Nous sommes maintenant à deux milles de la mi-parcours. Ces deux milles se feront presque entièrement en longeant la rivière. Et qui dit rivière dit méandres. Je le remarque à chaque course, mais cette fois-ci, c’est encore plus frappant: les gens restent toujours du même côté de la rue, suivant les courbes sans se soucier du chemin parcouru. Pour ma part, je prends toujours le chemin le plus court, donc je passe mon temps à traverser la route. Hé, c’est comme ça qu’ils mesurent le parcours, je ne vais tout de même pas en faire plus !  Quand on sait que 200 mètres, ça se traduit par environ une minute à l’arrivée…

Je vois le Musée d’Art au loin, puis constate qu’il se rapproche tranquillement. Je sais qu’on est dans un faux-plat ascendant pour avoir reconnu cette partie du parcours hier, alors je fais attention pour ne pas pousser trop la machine. Peu après le pont, ça monte, un peu comme à Ottawa après le pont MacDonald,  puis nous passerons devant les marches de Rocky. Depuis quelque temps déjà, des indications très claires nous disent par où aller: les gens du demi tourneront à droite pour se rendre vers l’arrivée alors que nous, marathoniens, irons à gauche.
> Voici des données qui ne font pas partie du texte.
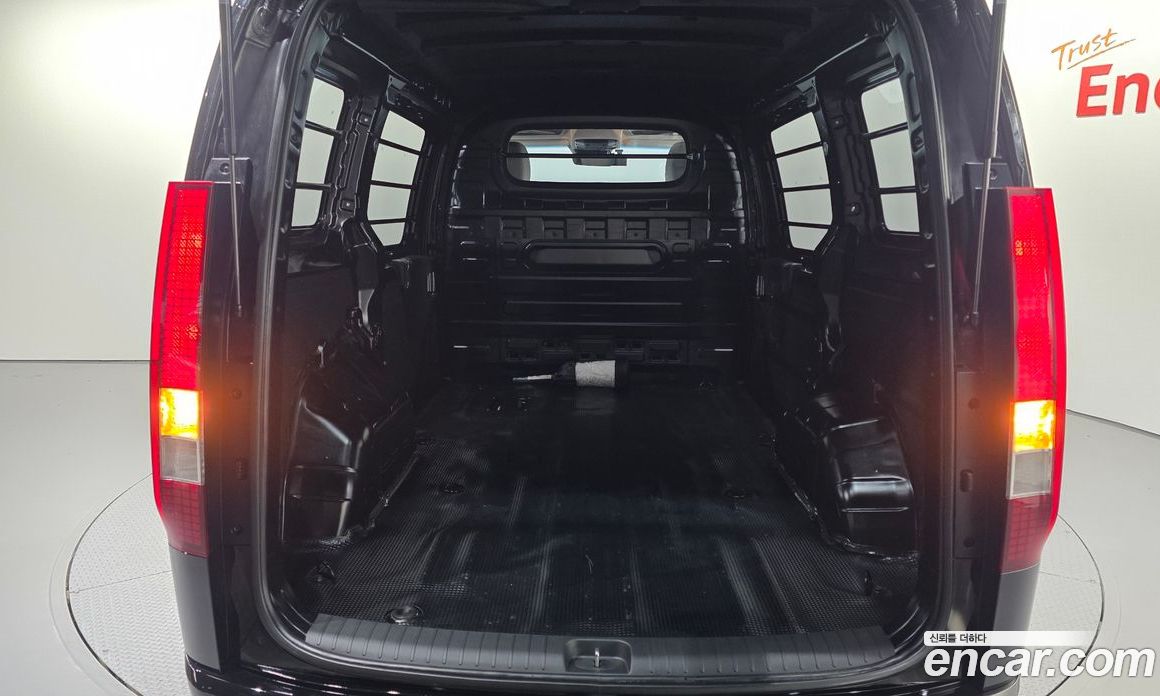 Hyundai Staria фото 20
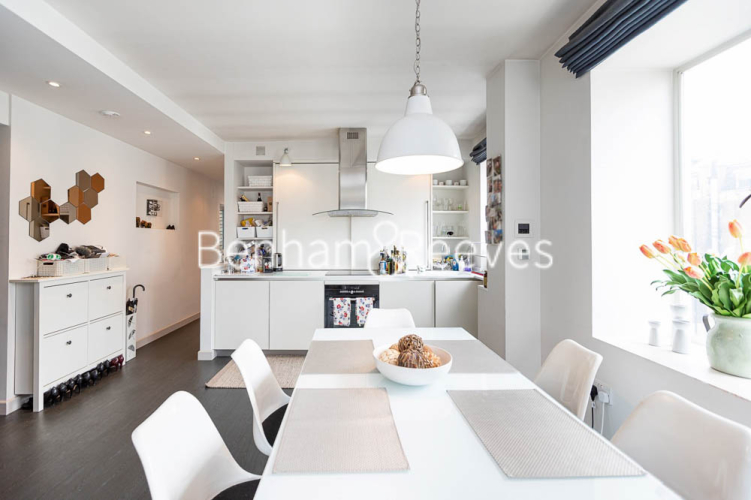 2 bedrooms flat to rent in Elvaston Place, Kensington, SW7-image 6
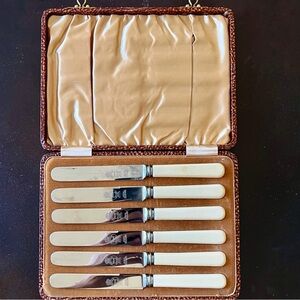 Sheffield England Firth Stainless Steel Set x 6 Butter Knives Velvet Satin Case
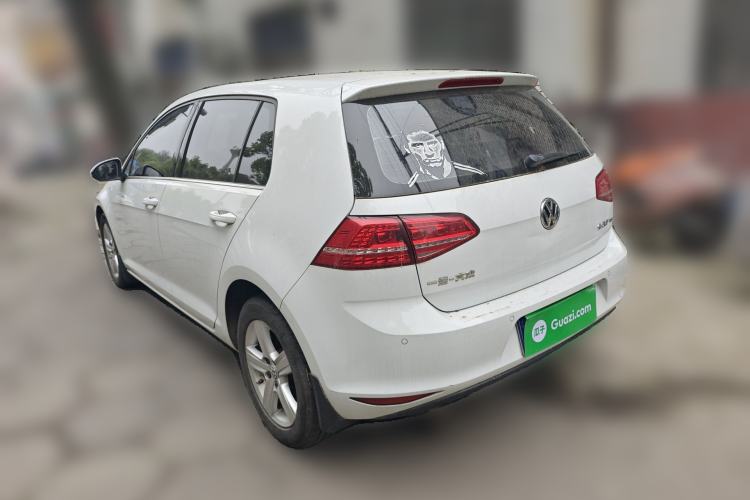 Used Volkswagen Golf 2015 1.4TSI Automatic Luxury Model Rear Left 45 Deg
J’y songe un instant: est-ce que j’ai le goût d’arrêter ?  Est-ce que j’en ai assez comme ça ?  La réponse: non. Ça va super bien, je suis prêt à attaquer la deuxième partie. Devant les marches, mon chrono me donne autour de 1h32. Suis-je sur une cadence de 3h05 ?  Mais finalement, la mi-parcours est pas mal plus loin et je la traverse en 1:33:26. Ok, 3h07. Un PB par 5 minutes, ce serait bien… Quant à ma cadence moyenne, elle est à 4:23 depuis le 11e mille. Ma vessie, de son côté, se tient tranquille.

Perdu dans mes pensées, il ne me vient même pas à l’idée de regarder sur les côtés voir si Barbara est arrivée. Mon cerveau est occupé à une tâche: la course.